### [Data below]
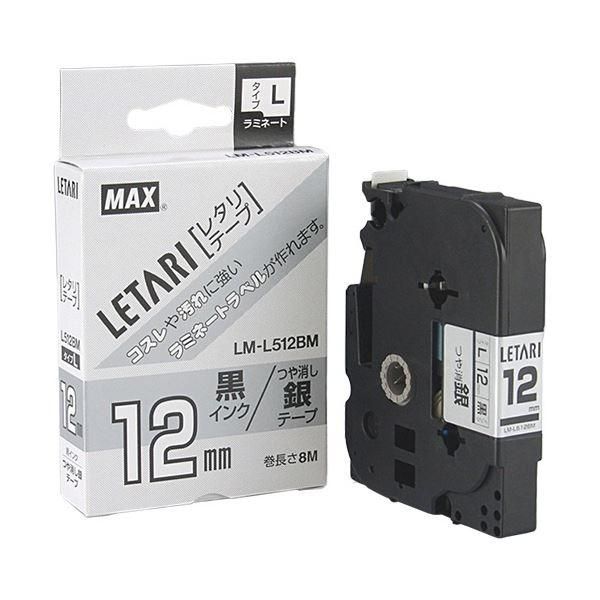 ds-(まとめ) マックス ラミネートテープ 12mm幅×8m巻 つや消し 銀(黒文字) L M-L512BM 1個 〔×5セット〕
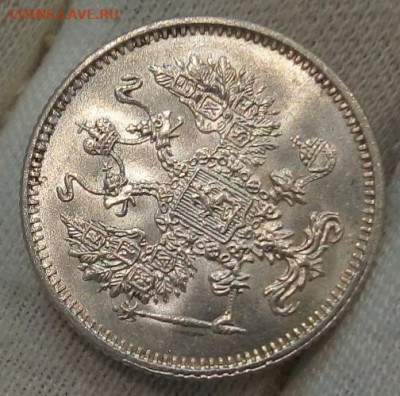 10 копеек 1916 Осака unc - IMG_20220515_185858
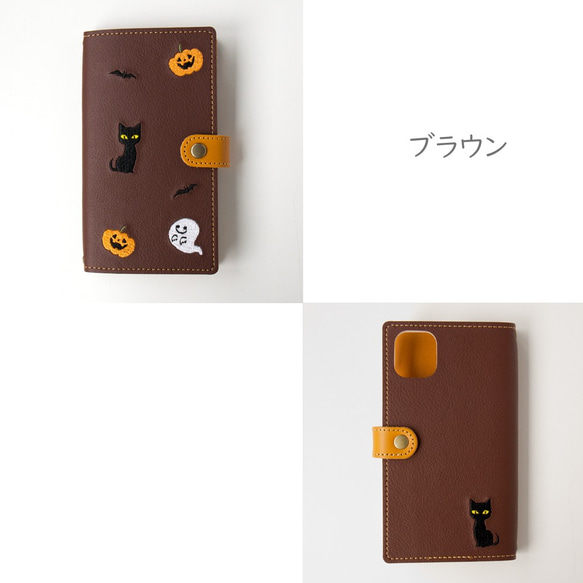 スマホケース 全機種対応 【 刺繍 ハロウィン 】 本革 レザー 手帳型 黒猫 秋 ブラウン A102I 6枚目の画像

### [The task]
Return the listing verbatim; pictures are not part of the copy.

### [Response]
 ds-(まとめ) マックス ラミネートテープ 12mm幅×8m巻 つや消し 銀(黒文字) L M-L512BM 1個 〔×5セット〕
 10 копеек 1916 Осака unc - IMG_20220515_185858
 スマホケース 全機種対応 【 刺繍 ハロウィン 】 本革 レザー 手帳型 黒猫 秋 ブラウン A102I 6枚目の画像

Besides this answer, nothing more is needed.